In their complaint, as further explained in their responsive briefs, plaintiffs are claiming generally that the Pension Board denied them their disability retirement pensions in violation of the ERISA statute. Plaintiffs argue that the Board breached its ERISA-based fiduciary duty by denying their applications for different reasons, even though they both executed the same form letter acknowledging the termination of employment for all purposes. Plaintiffs also claim that, because they were both disabled well before the plant closing, their disability pension rights were vested and, therefore, protected by ERISA's nonforfeiture provisions.

In their motion for summary judgment, the Pension Board and Company claim variously that plaintiffs have failed to exhaust their administrative remedies. In the alternative, defendants assert that they are entitled to a judgment on the merits as to each of the claims asserted in this suit by the plaintiffs. Based on a thorough reading of the parties' arguments and the applicable law, the Court will resolve the present motion by an analysis of defendants' claims that plaintiffs failed to exhaust their administrative remedies.

A. Exhaustion of Collective-Bargaining Agreement's Arbitration-Grievance Procedure

Defendants, in moving for summary judgment, argue that plaintiffs' suit is barred as a result of their failure to exhaust the grievance-arbitration procedure as spelled out in the Collective Bargaining Agreement (the "CBA"). The CBA, entered into by the union representing all hourly employees at the Brunswick plant and the Company, called for the Company to provide a pension plan for all employees. Additionally, Articles 6 and 7 of the CBA provided for a grievance-arbitration process to settle all disputes arising between employees and the Company. Based on these provisions, defendants assert that plaintiffs' pension claims in this suit amount to a dispute between the Company and plaintiffs within the meaning of Articles 6 and 7 of the CBA and, therefore, are subject to the mandatory grievance-arbitration procedure contained in the CBA.
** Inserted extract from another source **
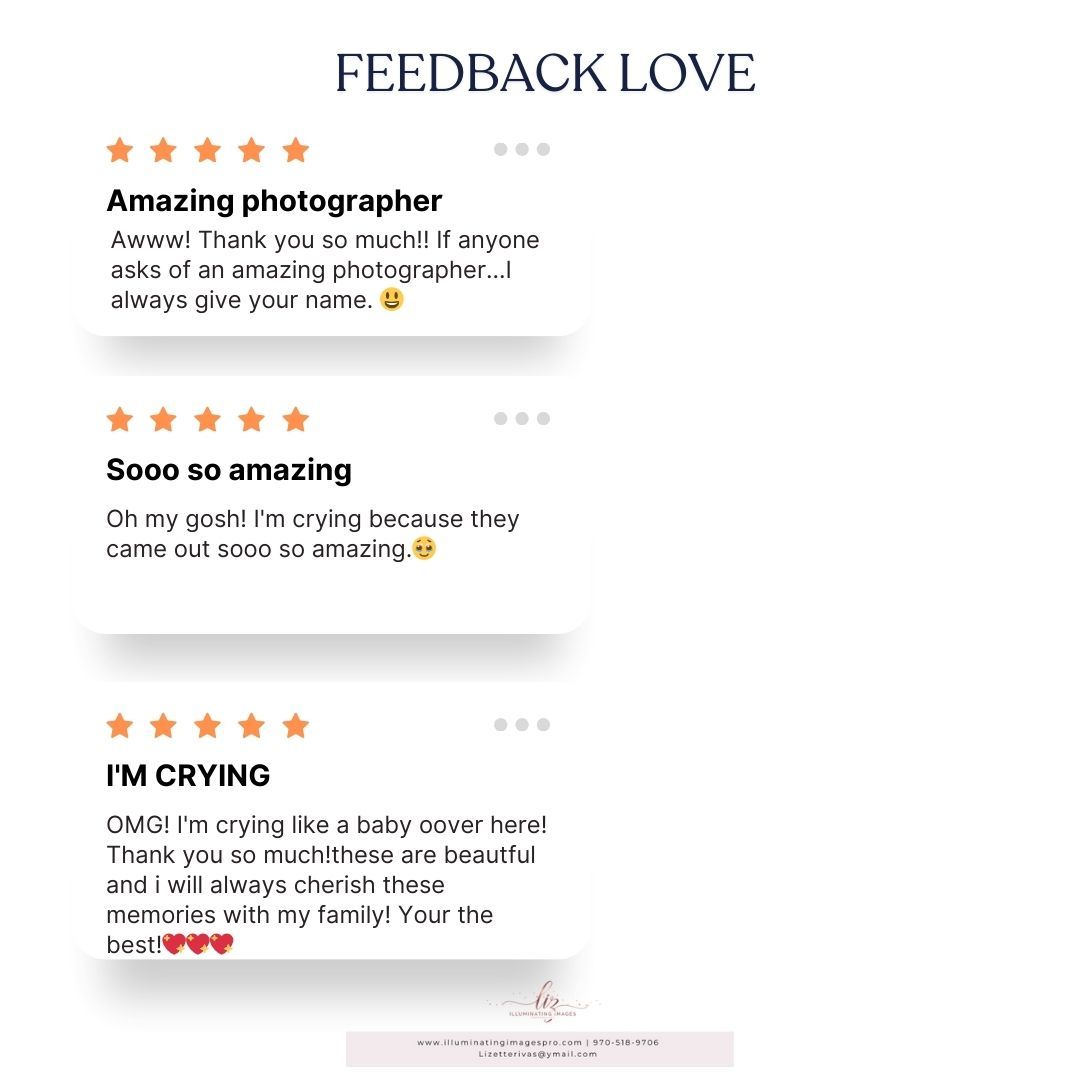 feedback images talking about how amazing liz rivas is as a photographer. they are say how happy they are with their that liz took.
*67 In support of this argument, defendants cite an array of cases dealing with standard employee-employer disputes, such as wrongful termination and failure to promote. Obviously, such cases do not shed light on a case invoking the Court's jurisdiction under ERISA.

Additionally, defendants cite several ERISA cases dealing with the exhaustion of arbitration procedures set up by the terms of the pension plan itself. See, e.g., Challenger v. Local Union No. 1 of Intern. Bridge, 619 F.2d 645 (7th Cir.1980); Mahan v. Reynolds Metal Co., et al., 569 F. Supp. 482, 116 D.L.R. D-1 (E.D.Ark. 1983); Sample v. Monsanto, 485 F. Supp. 1018 (E.D.Mo.1980). These cases would warrant further consideration had the Company's Plan made specific reference to the contractual grievance provisions contained in the CBA as the exclusive remedy for claims benefits. Nowhere in the Plan, however, is there reference to mandatory arbitration procedures to resolve eligibility disputes.

Thus, defendants' argument is reduced to an attempt to impose upon ERISA claimants a twin exhaustion requirement. This argument, if accepted, would require a claimant to go first to the pension trustees and exhaust the administrative remedies provided by the terms of the plan. Second, a claimant receiving an adverse decision at the hands of the trustees would then be required to take up a grievance with his employer with resort to binding arbitration in the event that no claim settlement is reached. The Court finds no support for such a proposition in any case authority.[1]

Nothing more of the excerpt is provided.